**Data segment**.
*** Begin section ***
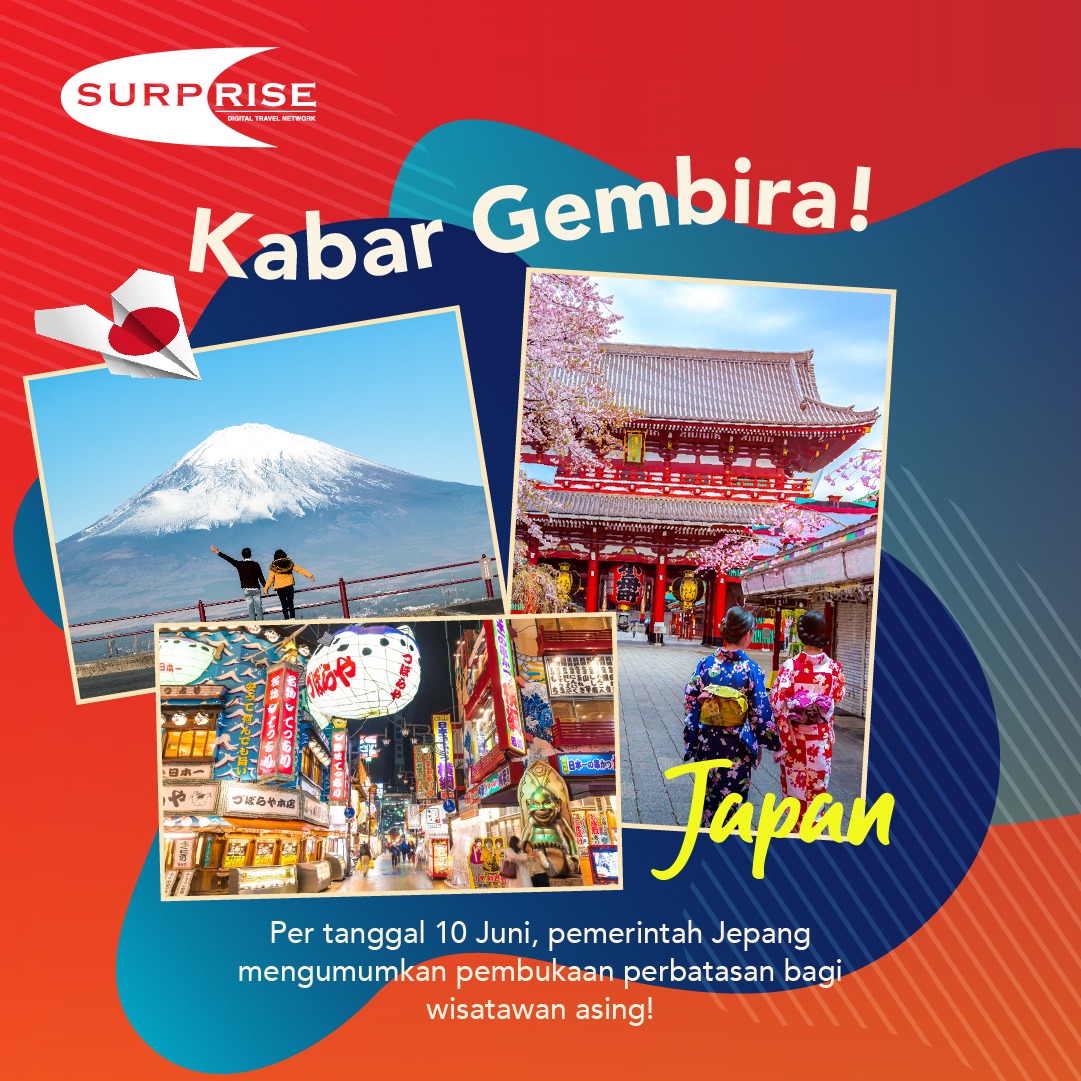 SurpriseIndo's tweet photo. Siapa yang sudah merindukan Jepang? Per tanggal 10 Juni, Pemerintah Jepang kembali membuka border untuk turis. Geser ke kiri untuk informasi selengkapnya mengenai aturan terbaru ini. 

Informasi selengkapnya hubungi kami di
WA : +62 81290551612 https://t.co/rRzYsE3Luj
*** End section ***
**What is required**.
Reproduce the listing word for word. Do not carry over the pictures.

**Task solution**.
 SurpriseIndo's tweet photo. Siapa yang sudah merindukan Jepang? Per tanggal 10 Juni, Pemerintah Jepang kembali membuka border untuk turis. Geser ke kiri untuk informasi selengkapnya mengenai aturan terbaru ini. 

Informasi selengkapnya hubungi kami di
WA : +62 81290551612 https://t.co/rRzYsE3Luj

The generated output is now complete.